** DATA PROVIDED **
——

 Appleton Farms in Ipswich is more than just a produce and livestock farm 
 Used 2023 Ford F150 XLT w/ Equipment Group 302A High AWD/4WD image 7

——

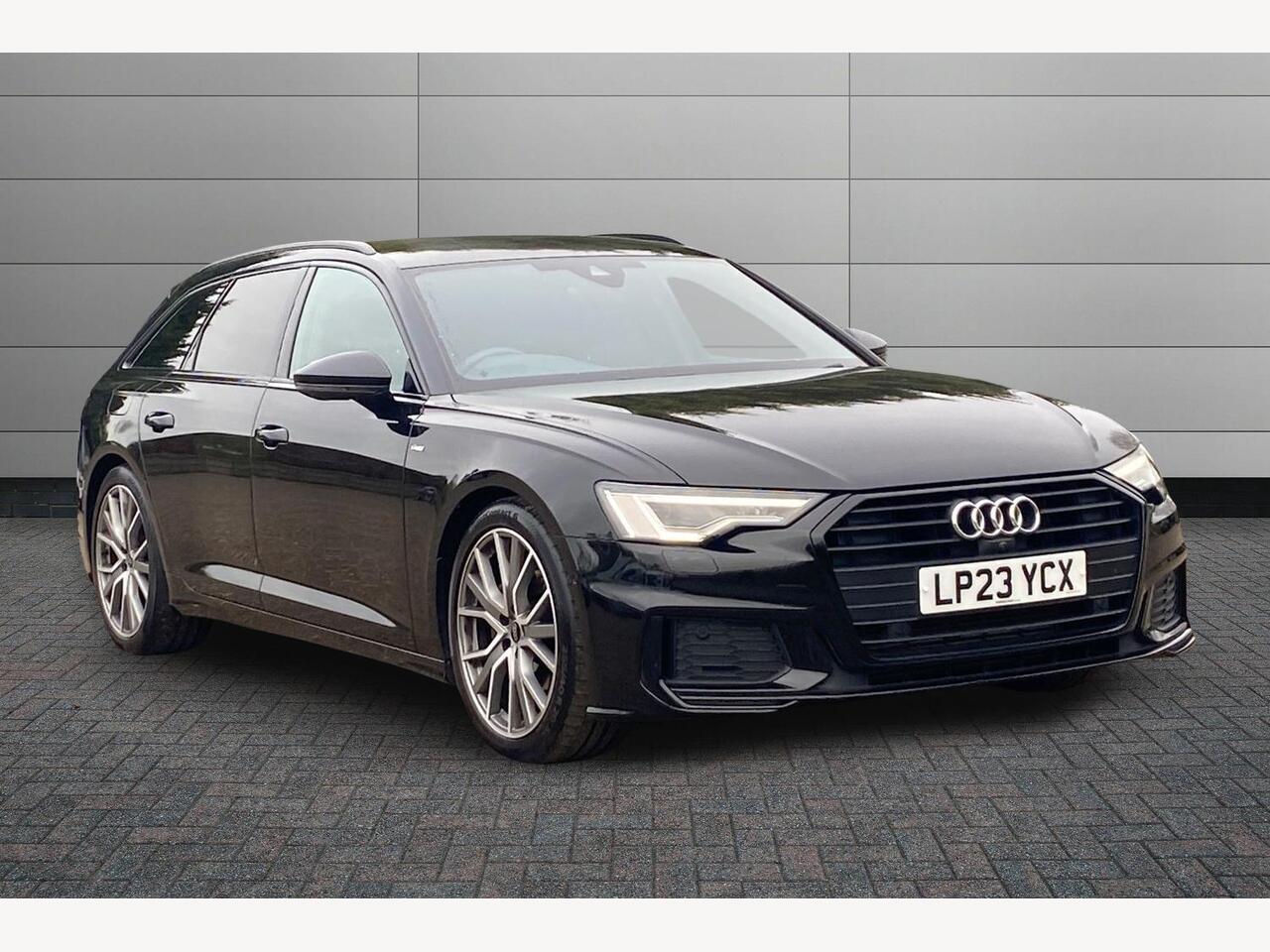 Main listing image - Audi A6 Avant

——

Beginning with the line holding "Appleton Farms in" and ending with the line holding "Used 2023 Ford", write out the stretch of material above exactly; add no further lines.

** EXERCISE RESPONSE **
 Appleton Farms in Ipswich is more than just a produce and livestock farm 
 Used 2023 Ford F150 XLT w/ Equipment Group 302A High AWD/4WD image 7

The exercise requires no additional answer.